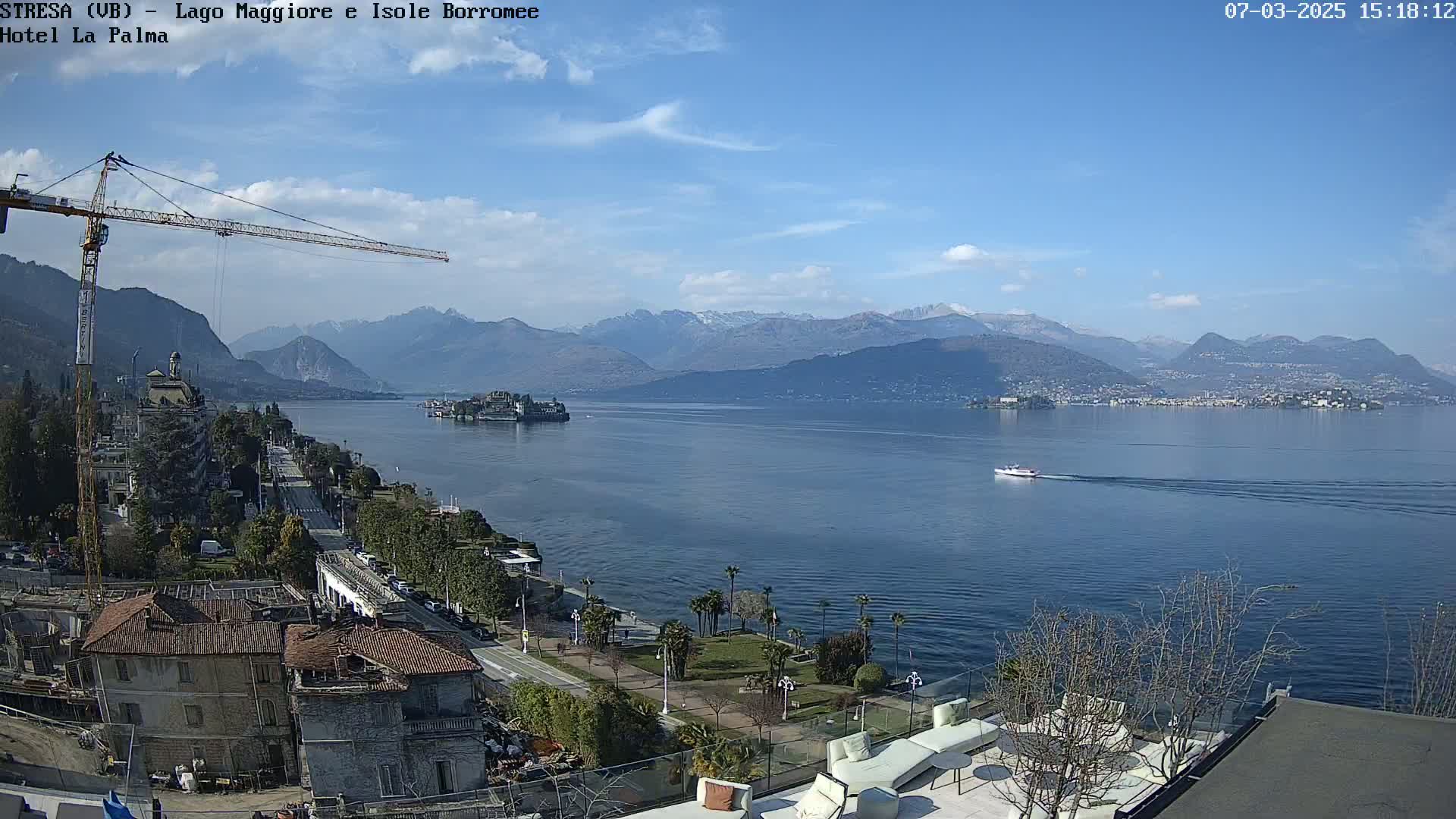 A sunny day overlooking a large lake with mountains in the background, a boat on the water, and construction underway near a building along the lakeshore.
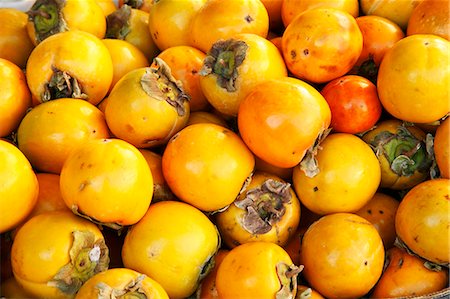 sharon - Persimmons at a Market Foto de stock - Royalty Free Premium, Número: 659-06152943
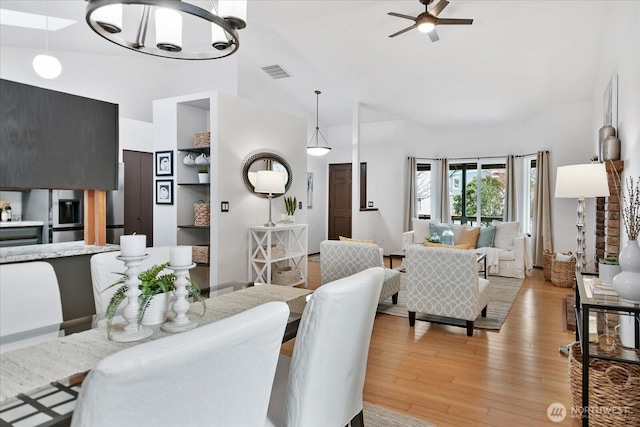 dining room featuring high vaulted ceiling, ceiling fan with notable chandelier, visible vents, and light wood-type flooring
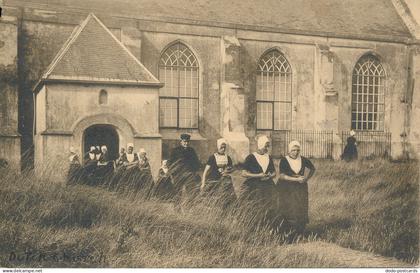 PC43818 Kerkuitgang Zoutelande. Zeeland. F. B. den Boer. 1910. B. Hopkins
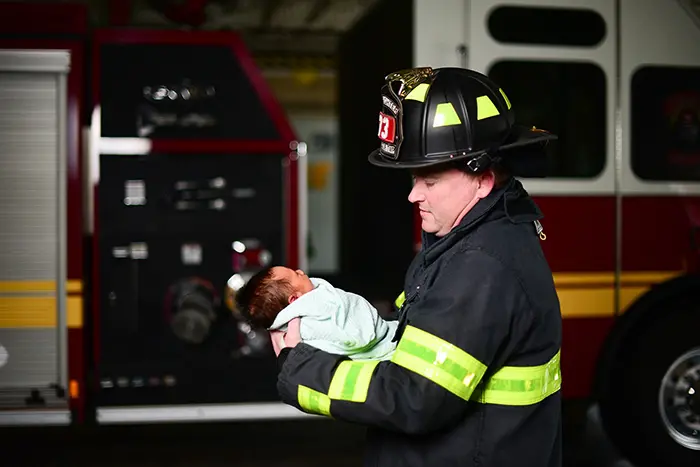 fireman looking after a newborn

+---+

Assignment
The answer should consist only of the lines from the line with "PC43818 Kerkuitgang Zoutelande." through the last line of the data, repeated exactly; pictures stay out.

Solution to the problem
 PC43818 Kerkuitgang Zoutelande. Zeeland. F. B. den Boer. 1910. B. Hopkins
 fireman looking after a newborn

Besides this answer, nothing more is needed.